“I was destined to be a footballer – of course!”
By Laura Miller -
Sales is all about belief; that you have the best product, the winning pitch, the perfect solution for the client’s problem at just the right time. It’s a game too. Of course it is. Being a sales director for a bridging lender is then in many ways not unlike being the captain of a world class squad. And the way Andy Reid, sales director at TFG Capital, remembers it, a very close run thing.
“Like a lot youngsters growing up I was, of course, destined to be a footballer and play for England, which obviously didn’t happen,” he says, with tongue firmly in cheek, befitting the head of sales at a lender Reid calls “no nonsense”. Finance emerged as a good Plan B – with decidedly longer career prospects and, despite the valiant efforts of the boys at the Euros, seemingly a significantly higher chance of success.
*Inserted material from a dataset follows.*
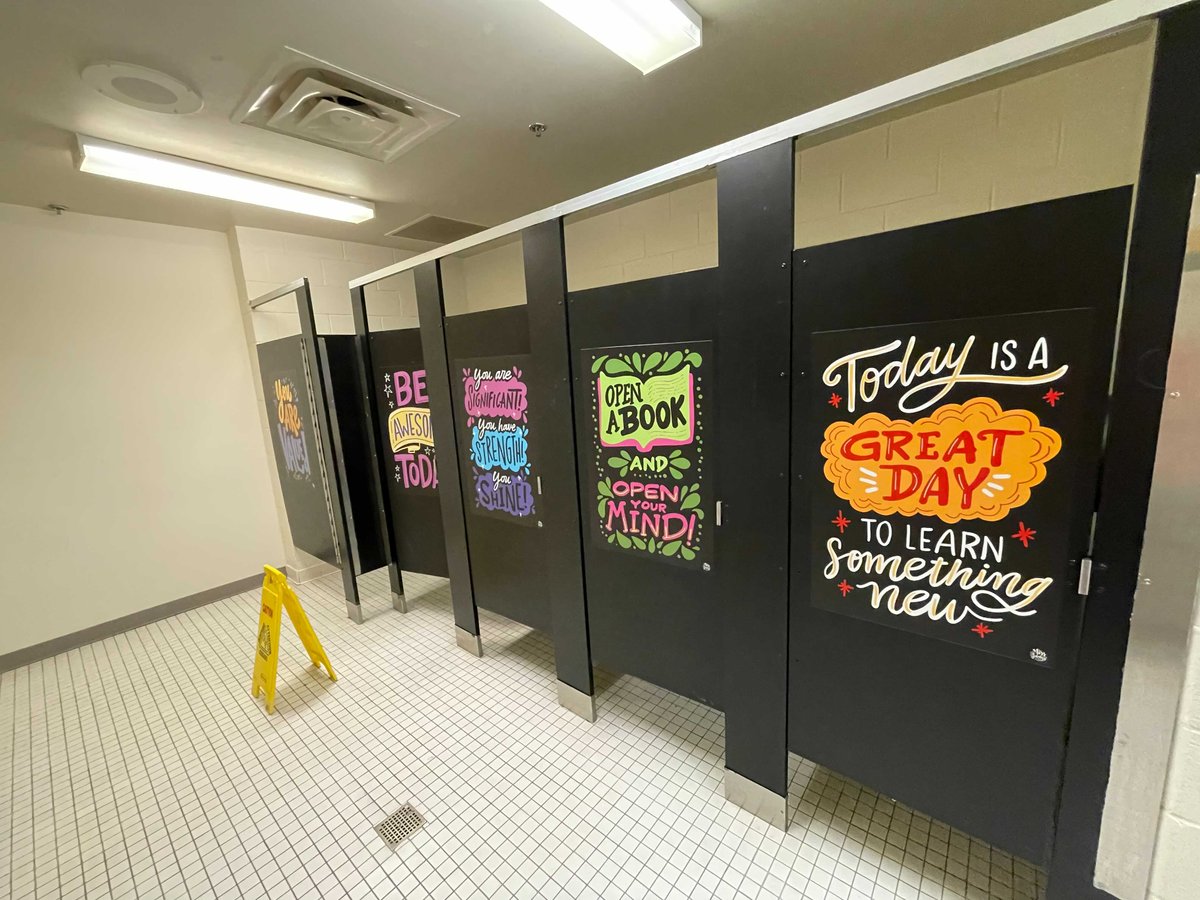 HandsOnAtlanta's tweet photo. Volunteers from @NCRโs Black Professionals Forum helped get Hands On Atlanta Week started with an inspirational project for students at Hollis Academy! They installed 30 bathroom stall affirmation decals, painted 4 potters and planted roses and weeded 5 garden beds. ๐ #behandson https://t.co/8pjsNcpXHj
“I got into finance by accident, says Reid, “a long time ago” (when Bridging Loan Directory reported his move to TFG in March it delicately referred to him as a ‘veteran’ of the sector). Reid’s happenstance entrance to financial services is a familiar tale. When the boots didn’t turn golden he got a “a great job” working for a large corporate insurer.
In the Eighties and Nineties life company behemoths trained most of the older sections of the current army of financial professionals. Far from perfect, as a range of mis-selling scandals later proved, the set up did provide an all too rare route into good jobs and career prospects for, mainly men, of all backgrounds. “There were no barriers to entry,” says Reid. Training in those days was procedures, processes and consequences of risk analysis, “a good starting point in understanding the policies and protocols of lending”, he recalls.
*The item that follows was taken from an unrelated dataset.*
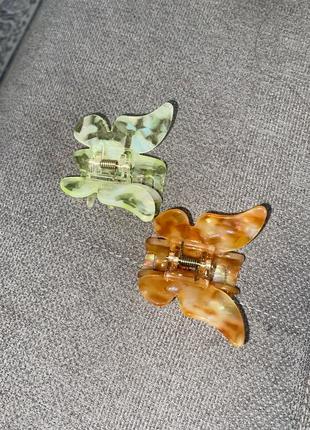 Краб для волос бабочка заколка крабик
It cleary stood him in good stead. Reid chose to enter into the sales programmes – “there were plenty of exams!” – but found success in a wide variety of roles. Just over the last 14 years this includes at InterBay, Hampshire Trust Bank, and Oblix Capital. “Over my time in the industry I have covered everything from the IFA sector, corporate finance, commercial finance, development, and bridging,” says Reid, “and I’m still enjoying it!”
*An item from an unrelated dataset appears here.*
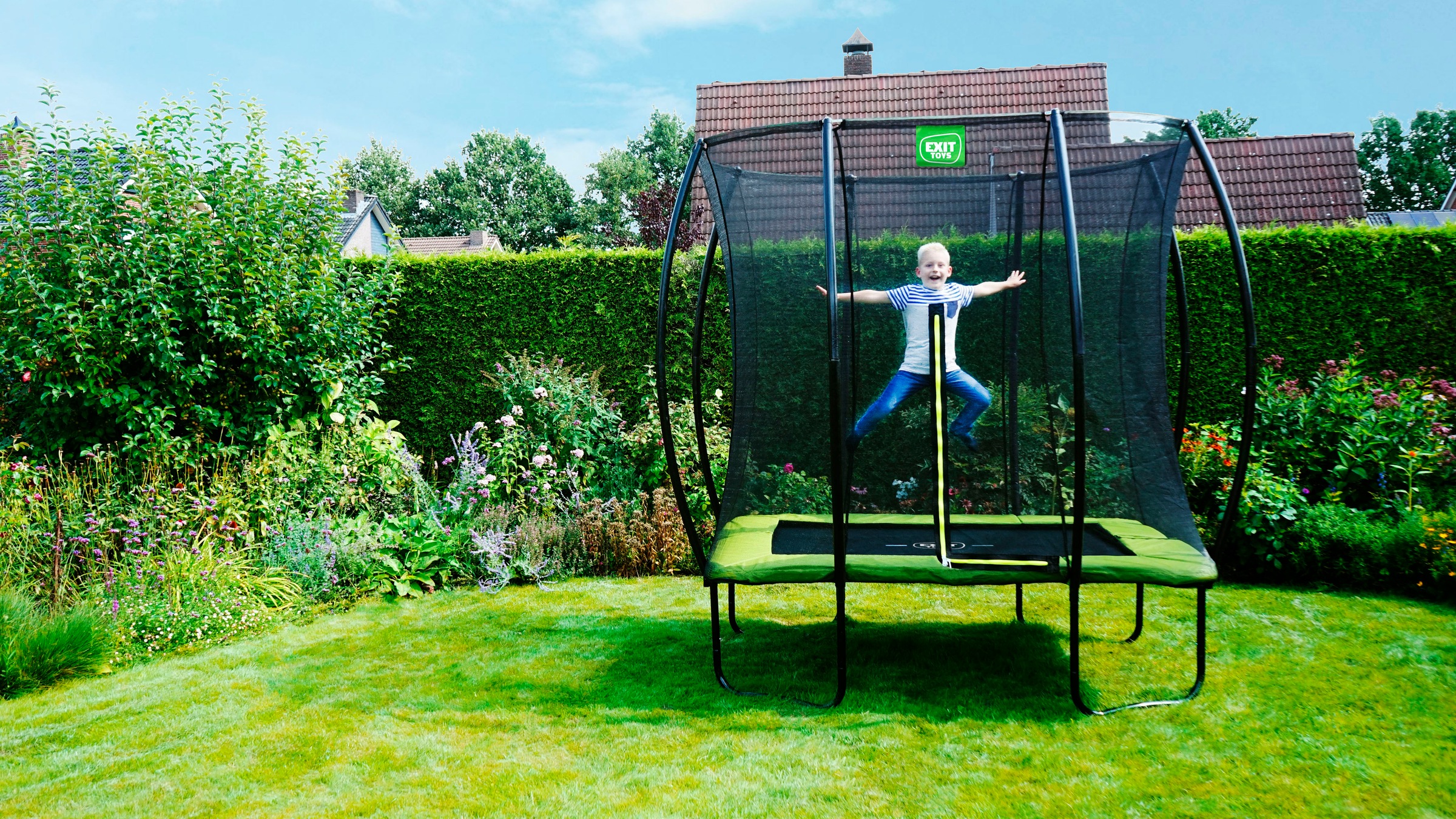 EXIT Gartentrampolin »Silhouette, grün«, mit Sicherheitsnetz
In total Reid has accumulated an impressive 37 years’ experience in the industry. Bridging is a small sector, some might say cliquey. Negotiating across tightly associated groups for the best part of four decades takes Marco Polo levels of navigation. “If it’s a 9-5 lifestyle you are looking for, it’s not for you, especially in the bridging sector where real speed of delivery, pace of progress, and outstanding service is absolutely key,” Reid admits. Over the years he’s giving up many evenings and weekends for the job. “But, like anything you reap the rewards of the hard work you put in,” says Reid, “the feel-good factor in a deal closing makes it all worthwhile”.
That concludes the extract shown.